◆ GIVEN DATA:
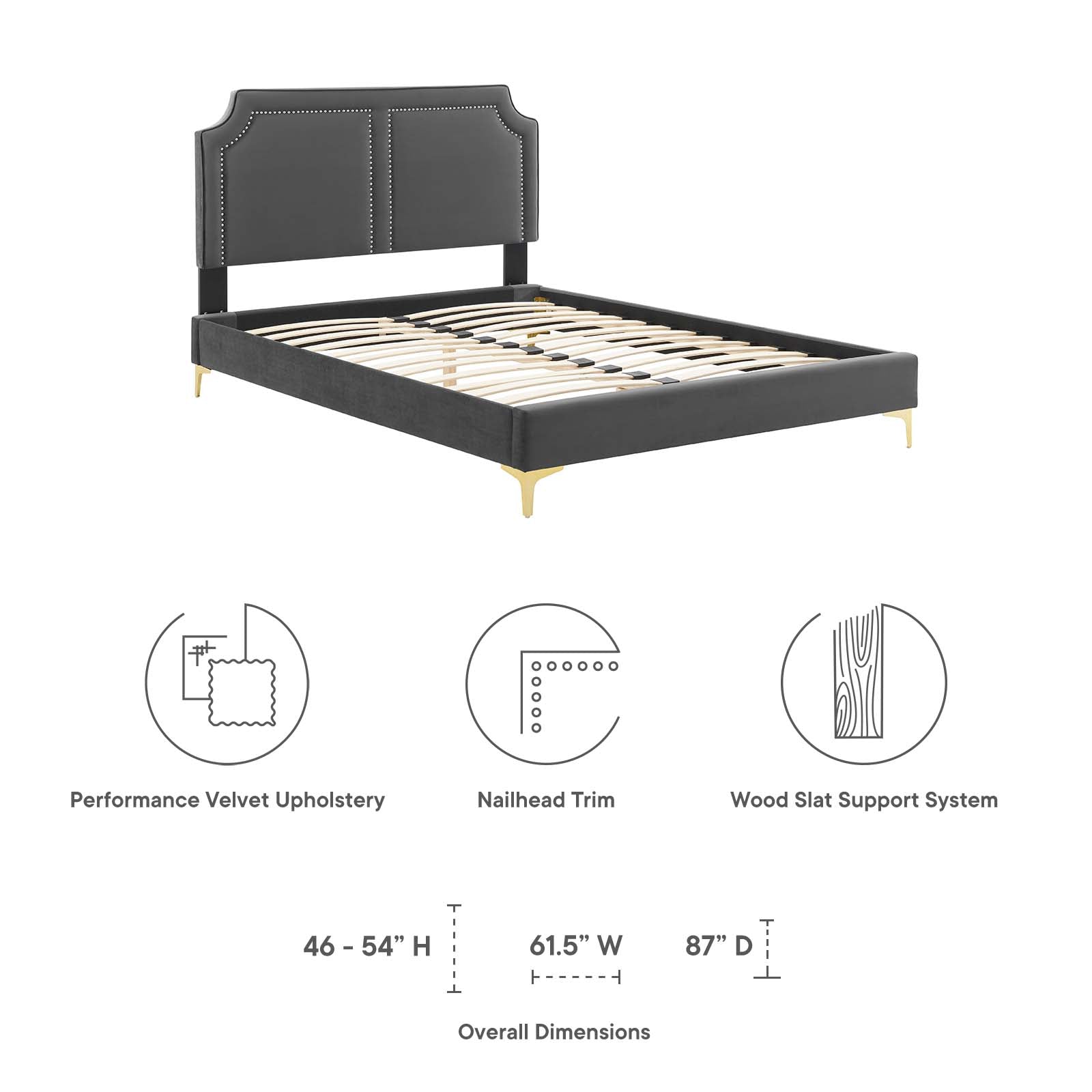 Novi Performance Velvet Full Bed By Modway - MOD-6803 | Beds | Modishstore - 10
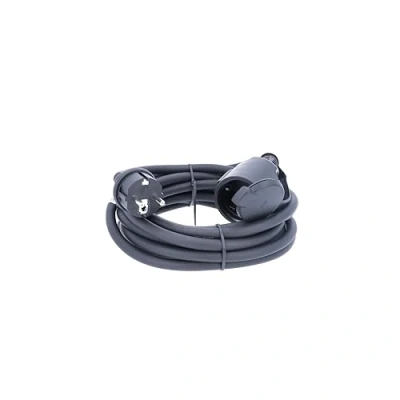 Imagen de as Schwabe 60372 Cable alargador de goma (5 m, H07RN F 3G1,5, IP44), color negro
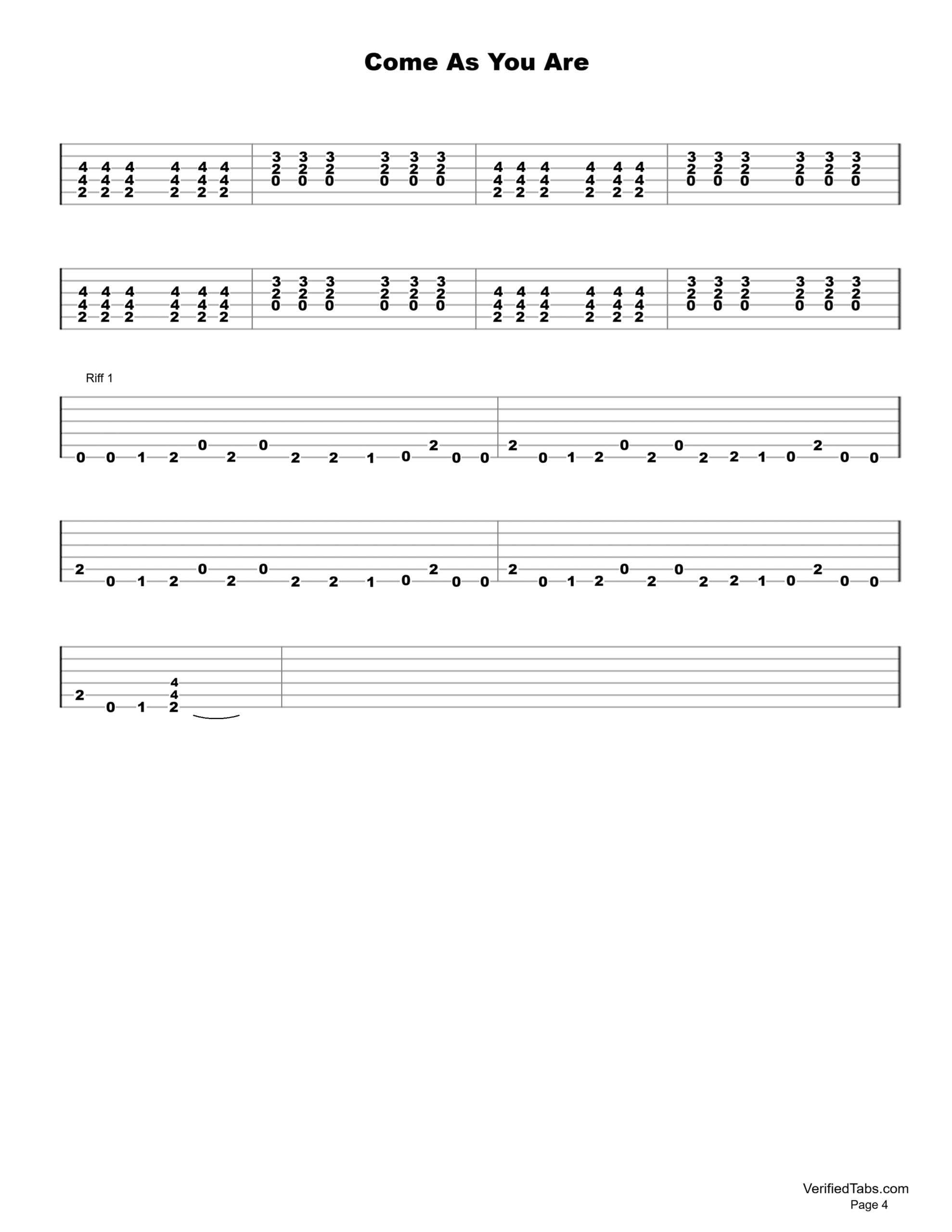 Come As You Are Page 4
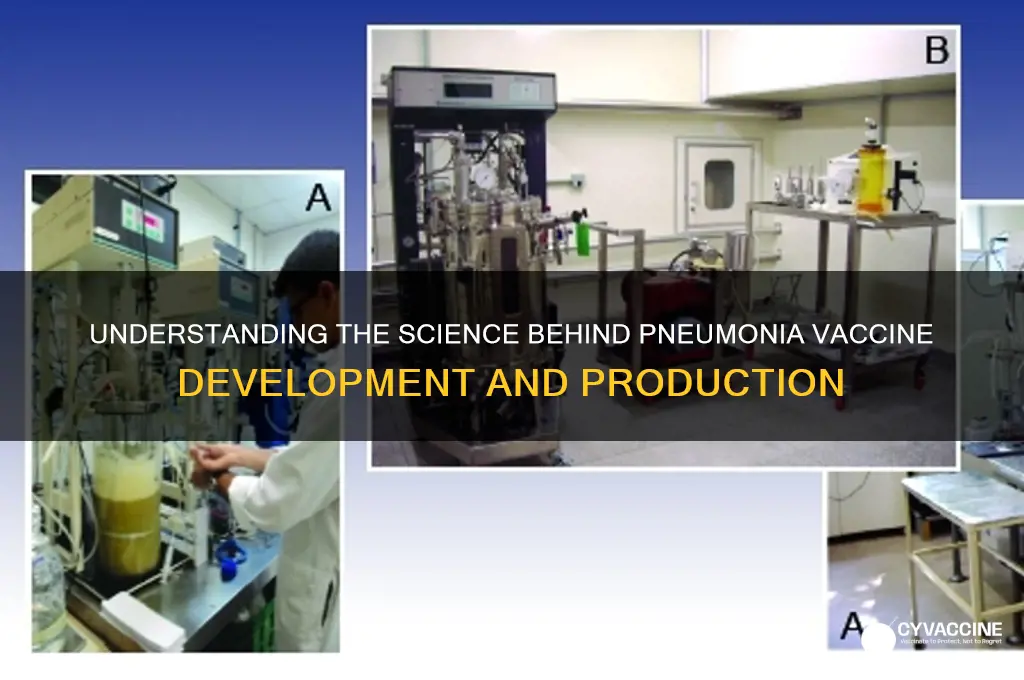 how is the pneumonia vaccine made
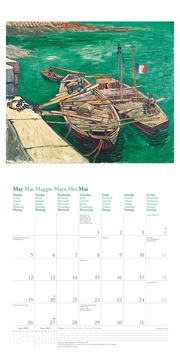 Vincent van Gogh 2025 - Wand-Kalender - Broschüren-Kalender - 30x30 - 30x60 geöffnet - Kunst-Kalender - Abbildung 5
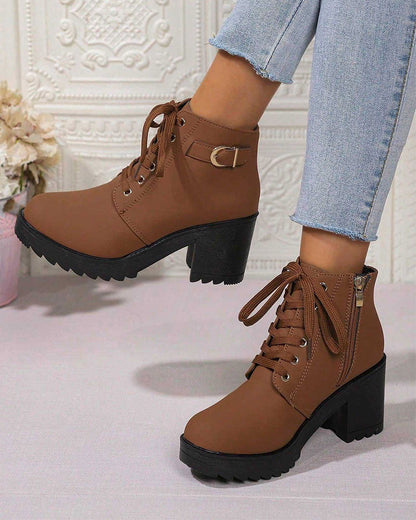 Chunky Plateau Stiefeletten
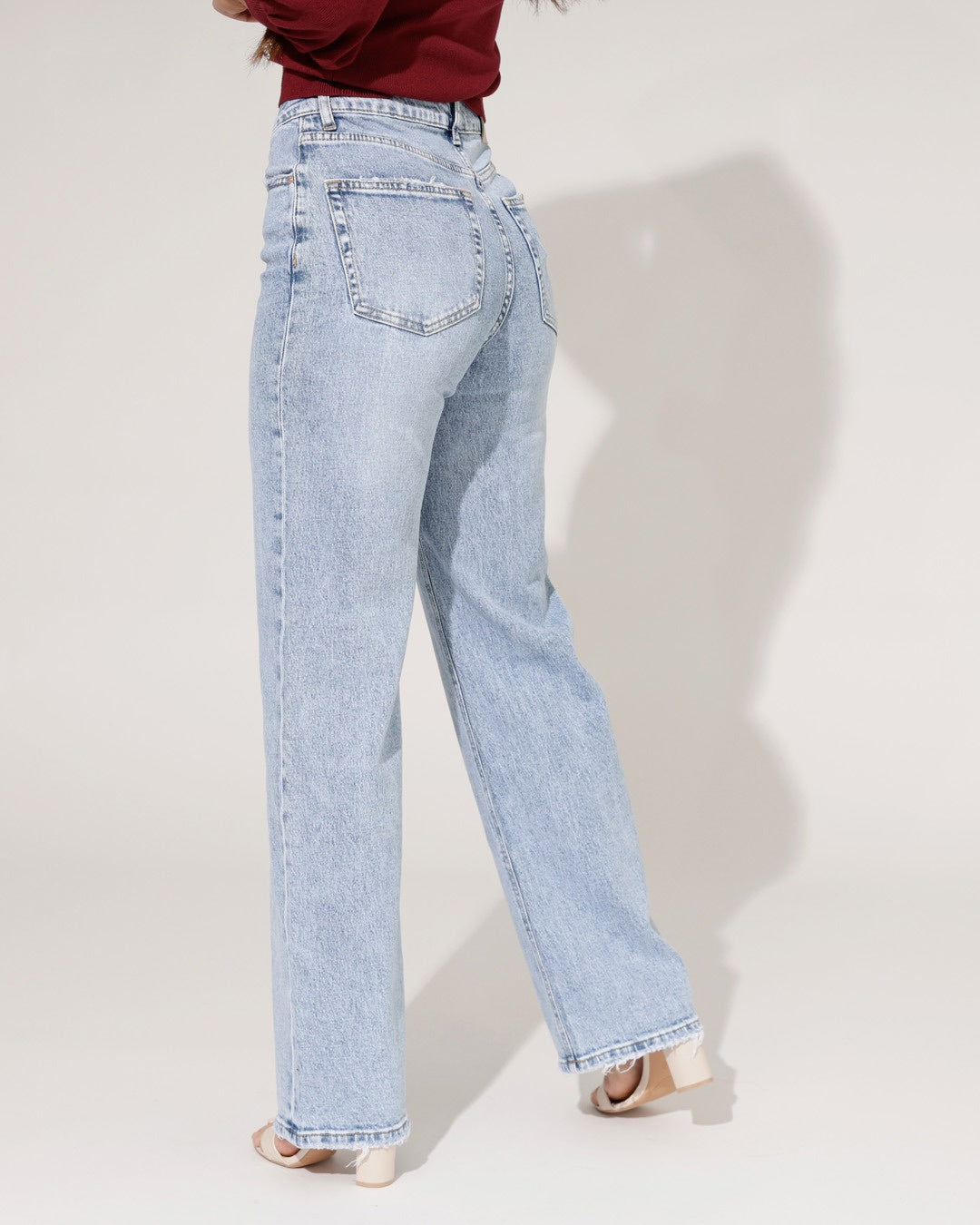 Queen Hearts | Wide leg, Straight jeans Jill Blauw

◆ EXERCISE BRIEF: Exact transcription of the full listing above is required; images do not belong in it.

◆ RESULT OF THE TASK:
 Novi Performance Velvet Full Bed By Modway - MOD-6803 | Beds | Modishstore - 10
 Imagen de as Schwabe 60372 Cable alargador de goma (5 m, H07RN F 3G1,5, IP44), color negro
 Come As You Are Page 4
 how is the pneumonia vaccine made
 Vincent van Gogh 2025 - Wand-Kalender - Broschüren-Kalender - 30x30 - 30x60 geöffnet - Kunst-Kalender - Abbildung 5
 Chunky Plateau Stiefeletten
 Queen Hearts | Wide leg, Straight jeans Jill Blauw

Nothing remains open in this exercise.